Digital twins, offline programming, virtual commissioning and open architecture – all of these are the expertise of Visual Components, which has been part of the KUKA Group since 2017. These core elements form the key concepts of the fourth industrial revolution. And today, the term Industry 5.0 is being mentioned more and more frequently.
We had the pleasure of interviewing Mikko Urho, CEO of Visual Components, to discuss current developments and how to prepare for the new industrial revolution.
Below are some of the questions and answers
Is industry ready for the next revolution, i.e. Industry 5.0?
Offline programming of robots and virtual commissioning of production systems in advance are important applications for Industry 4.0 today. We are seeing an increase in demand for these.
Connectivity is another key, building bridges between the real and virtual worlds. Many companies are also making progress in this area and using it to drive Industry 4.0. However, in my assessment, most industries have not yet adopted Industry 4.0. This suggests that it will take some time for the concept of Industry 5.0 to fully mature. This is actually quite normal. Revolutions don’t start and end with a specific date; they are intertwined. There will always be companies that are more like drivers and others that are followers. The important thing is that these revolutions do exist. They drive progress throughout the industry and continue to increase competitiveness for the industry’s growth.

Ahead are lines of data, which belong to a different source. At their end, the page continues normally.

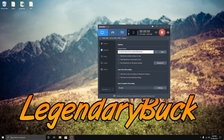Hey everybody, my name is Legendary Buck. I'm going to show you guys how to fix the issues of the ARK Survival Evolved game with BattleEye — the BattleEye service and the program itself.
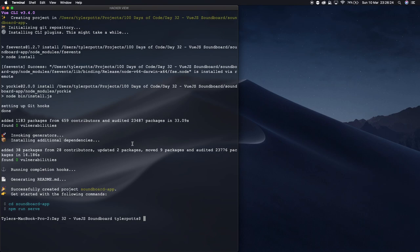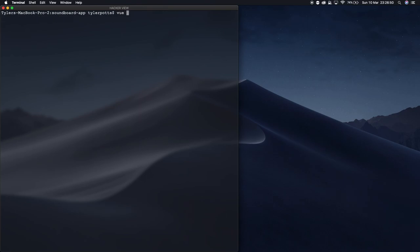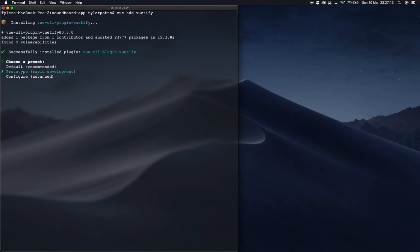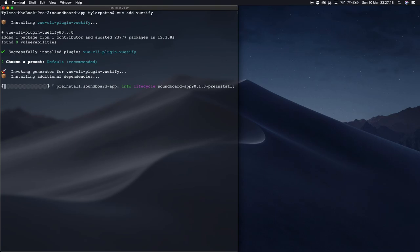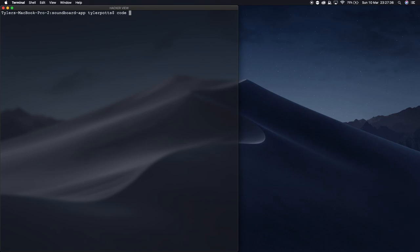Once this is done, before we open VS Code, we need to cd into our Vue directory and then run 'vue add vuetify' — this is going to install Vuetify to our app. It's going to ask what preset we're using; we'll select the default recommended and let it continue installing.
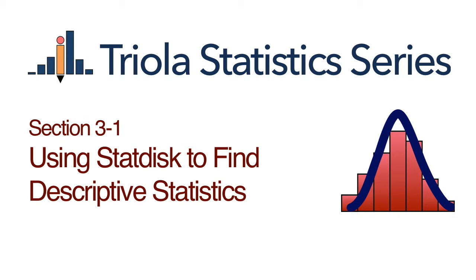Using StatDisk to find descriptive statistics. This video uses Verizon data speeds from the data set titled Airport data speeds.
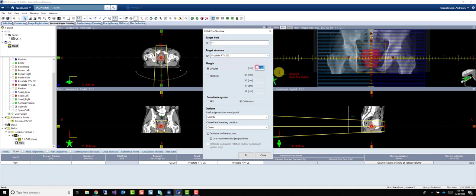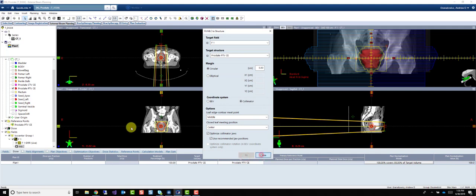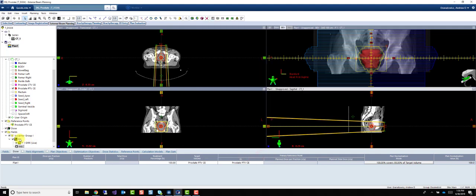For this case we're going to use a five millimeter margin around our PTV.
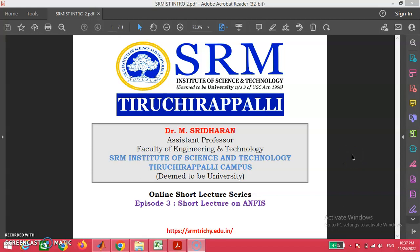Welcome to the video guys. In this lecture, we are going to have episode 3 of our online short lecture series. The title of today's discussion is Adaptive Neuro-Fuzzy Inference System, which we can simply call ANFIS.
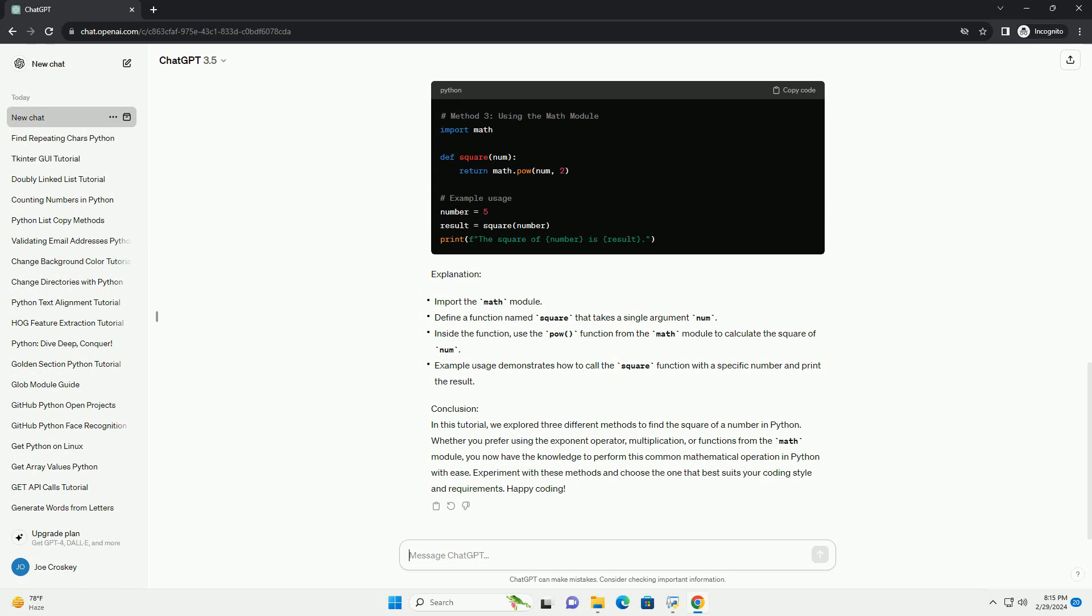Method 3: Using the Math Module. If you prefer using functions from Python's built-in math module, you can utilize the pow function. Here's how.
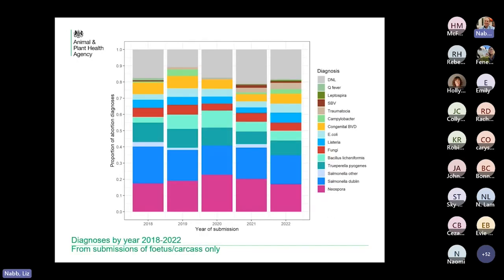Let's move on to the actual causes. Looking at five years of data lined up year by year, there isn't a lot of yearly variation — you broadly get the same pattern year on year. Neospora and Salmonella account for around 40 percent of all the diagnoses we make. I've removed the 'diagnosis not achieved' portion — that's around 50 percent — and the small grey bit at the top represents diagnoses that aren't one of our standard causes of abortion.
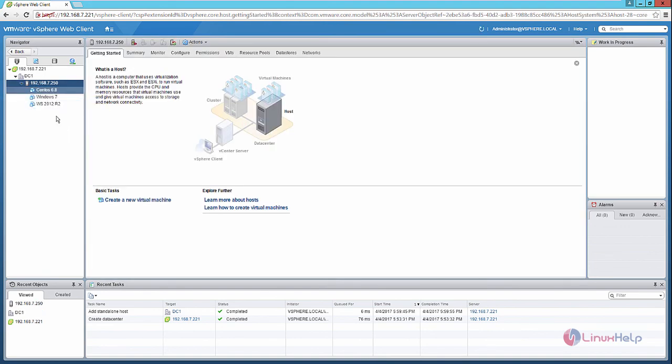In this video we saw how to install the vCenter Server, and we also saw how to add an ESXi host to the datacenter. We will see more about the vCenter Server in the next video.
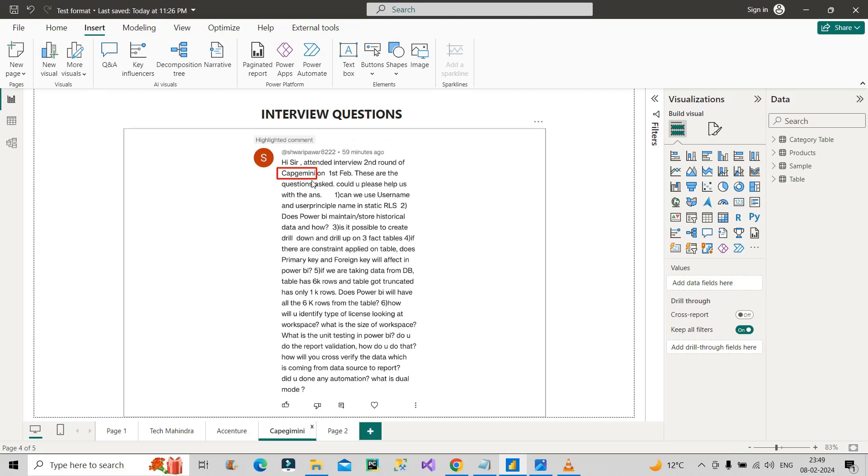You can clearly see here these questions were asked in Capgemini on first of February, so recently it was asked one week back. The first question is: can we use username and user principal name in static RLS, that is row-level security?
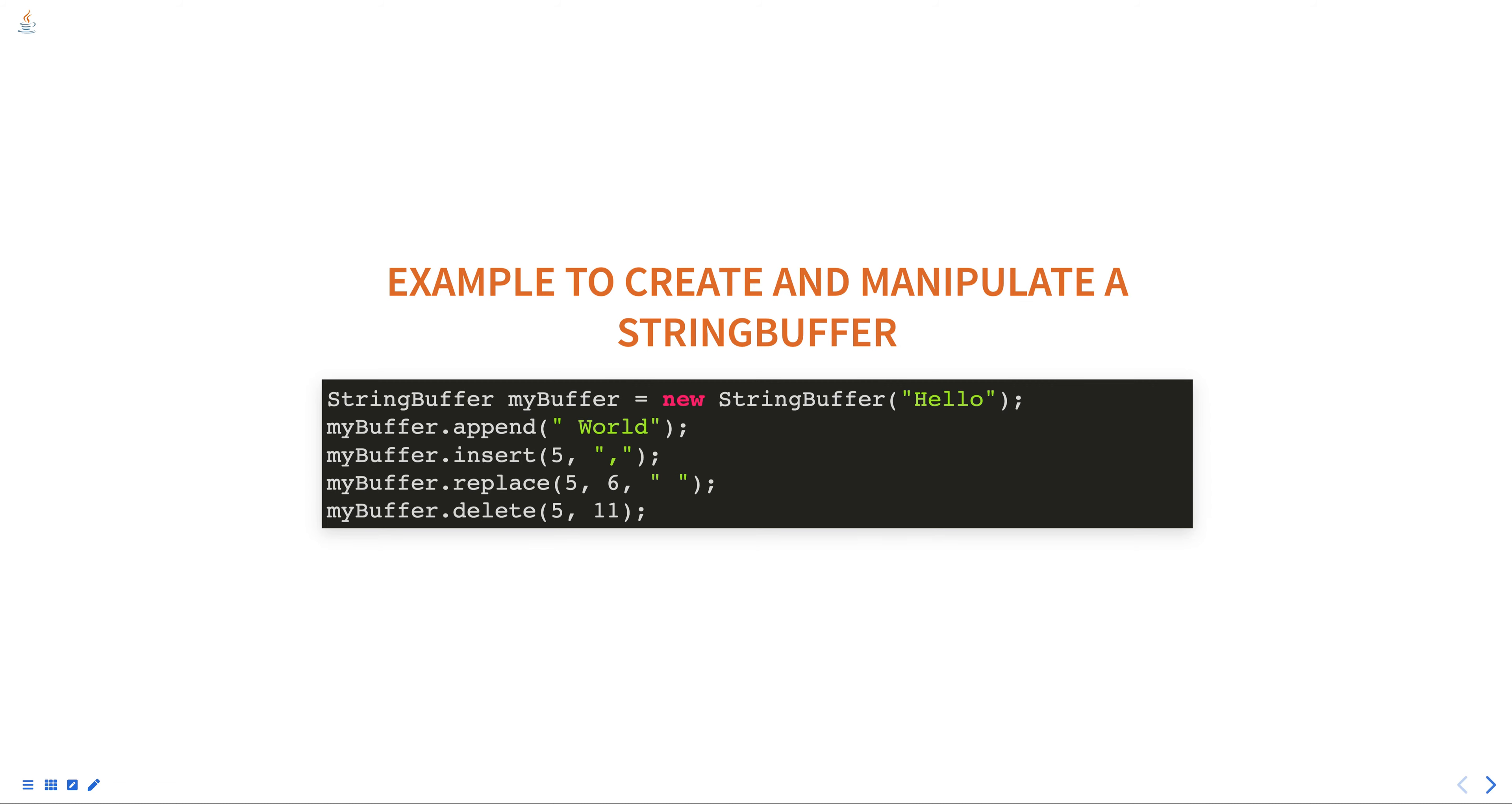to the end of the buffer. The insert method with integer offset and string parameters is used to insert the string 'comma' at a specific position in the buffer. The replace method is used to replace a substring of the buffer with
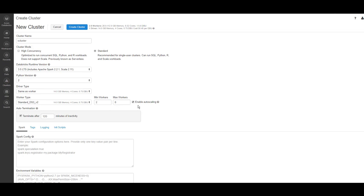You can enable Databricks functionality for auto-scaling, which would mean that depending on your Spark job, Databricks will assign between minimum number of workers to the maximum amount of workers. Remove the functionality for auto-termination.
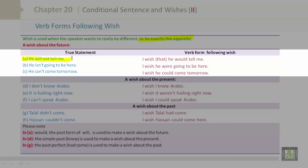A. He will not tell me. → I wish that he would tell me. B. He isn't going to be here. → I wish he were going to be here. C. He can't come tomorrow. → I wish he could come tomorrow.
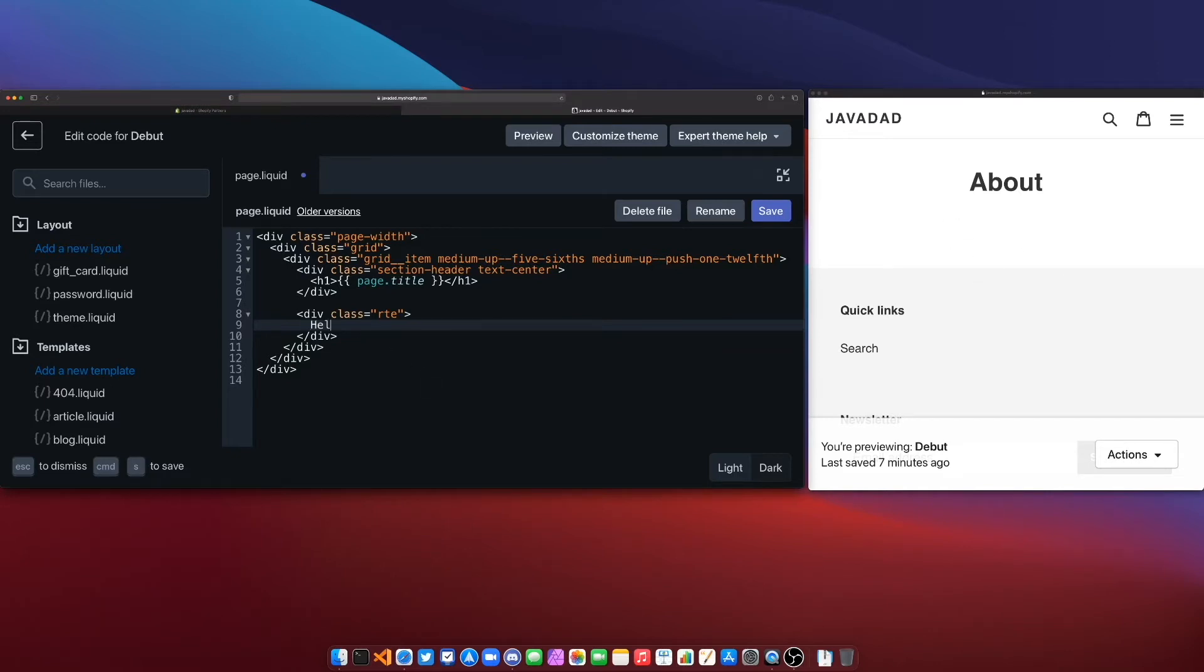So we can test that out if I just say hello world and save that you'll see that it appears in my template on the right.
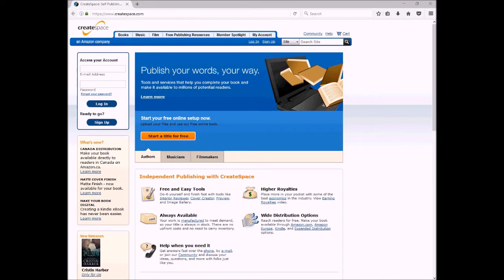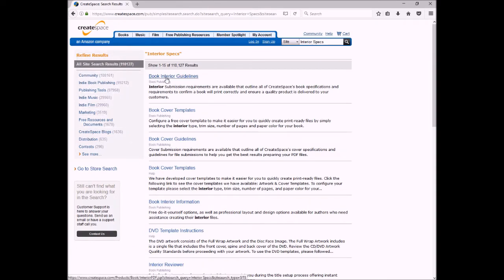That extra area is what they call the bleed. It's the calculating of this bleed that seems to trip people up, so I'm going to show you exactly how to figure it out — and you won't need to be a NASA engineer. There are three terms you need to know: the inside margin or gutter, the outside margin, and the bleed, which is the area outside the dimensions of your book. Now I'm going to flip the screen around and get started. Since I'll be uploading my book to CreateSpace, I'm going to go to createspace.com, search for 'interior specs,' and click on 'Book Interior Guidelines.'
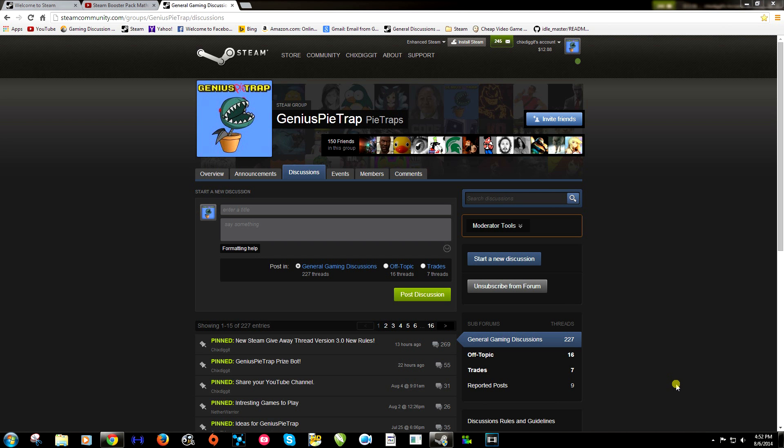What's up guys? GeniusPieTrap and this is another Steam tutorial. Today I'm going to talk about using the Steam interface as far as message boards goes, your text in your profile. I get a lot of questions on how to post YouTube videos, how to post games, how to format text, how to post links with words in them and I'm going to cover it all real quick in one video.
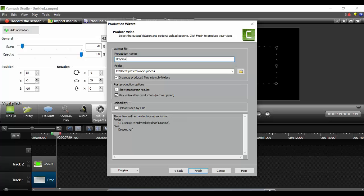At this point I will name my animated GIF and I will select a folder here to my videos and I will click to finish.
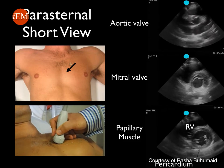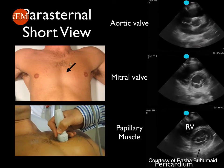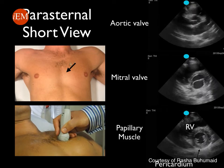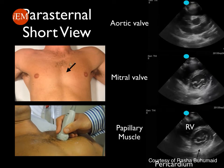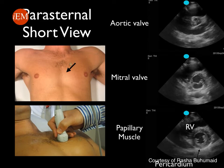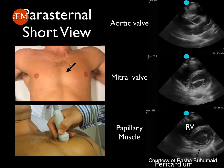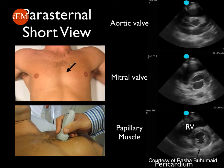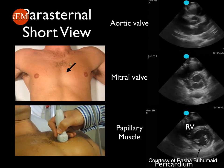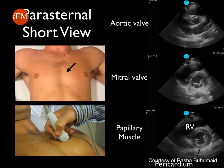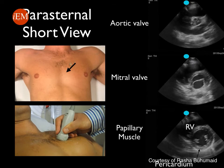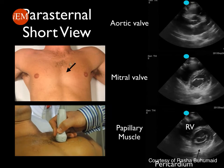Note that the white stripe surrounding the heart is the pericardium. The crescent-shaped chamber is the right ventricle, while the circular shape is the left ventricle. The three images correspond to the different levels of a parasternal short view depending on the angle of your probe.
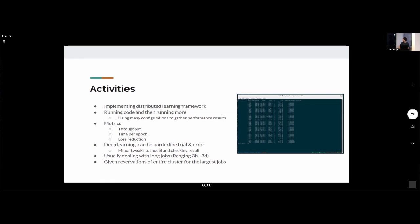These jobs can be pretty long, ranging from a few hours to a few days, so there's a lot of waiting involved to gather results. With deep learning, sometimes you just have to trial and error to see whether you're getting better results.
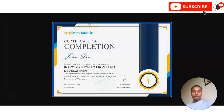If you have any query regarding this front-end development program, please comment on the video. We will check and resolve your queries. Also, if you want us to cover any particular topic, please comment and we will definitely take it up.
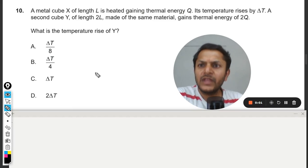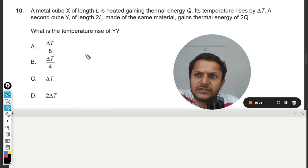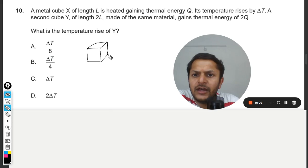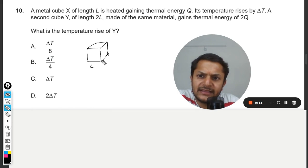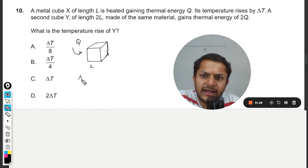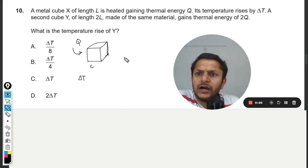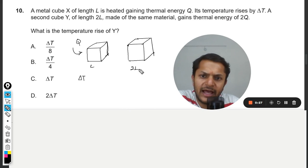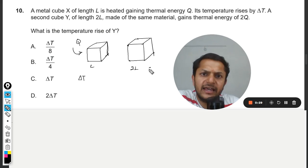Let us see what is in this question. A metal cube — for a cube, the sides are the same. This is a metal cube with length l, heated by giving a heat of q, and its initial temperature rises by delta T. There is a second cube with length 2l, and the same heat 2q is given to it.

While Industry 4.0 aims to digitally reflect the reality of the factory floor, the fifth industrial revolution is shifting the focus to humans. What is the reason for this?
According to the growth plans of many companies, they are stepping up their investments in digital technology. But simply investing in new technologies is not enough. The fifth industrial revolution is about ensuring that these smart technologies make collaboration between humans and machines more efficient and meaningful in practical terms. The speed and precision of machines will be combined with the creativity, innovation and critical thinking skills of humans. As a result, Industry 5.0 takes a human-centric approach, which can also be understood as refinement, meaning that processes will become increasingly efficient and advanced. Many processes will also involve virtual reality or augmented reality. This happens to be the key to how these technologies work better with people.
Are these concepts and industrial revolutions that we have just discussed a real need in achieving industrial development? In some cases, are we talking about Industry 11.0?
Yes, it is undoubtedly necessary to embrace the new revolution, and the general trend of industrial development ultimately calls for industrial progress. Increasing customer demand for highly personalized products has created a revolutionary development demand for production, i.e. a shift from traditional mass production to customized scale production and small batch production. In addition, sustainable production, a hot topic of current global concern, demands that society as a whole – and indeed industry – respond to the question of how and where products are produced. Looking back, the industrial revolution has been playing a leading role in overcoming global challenges. And the new concepts arising from Industry 4.0 and 5.0 have made reproduction economically viable, processes more efficient, cooperation between people and technology further optimized, and the shortage of skilled workers able to be alleviated.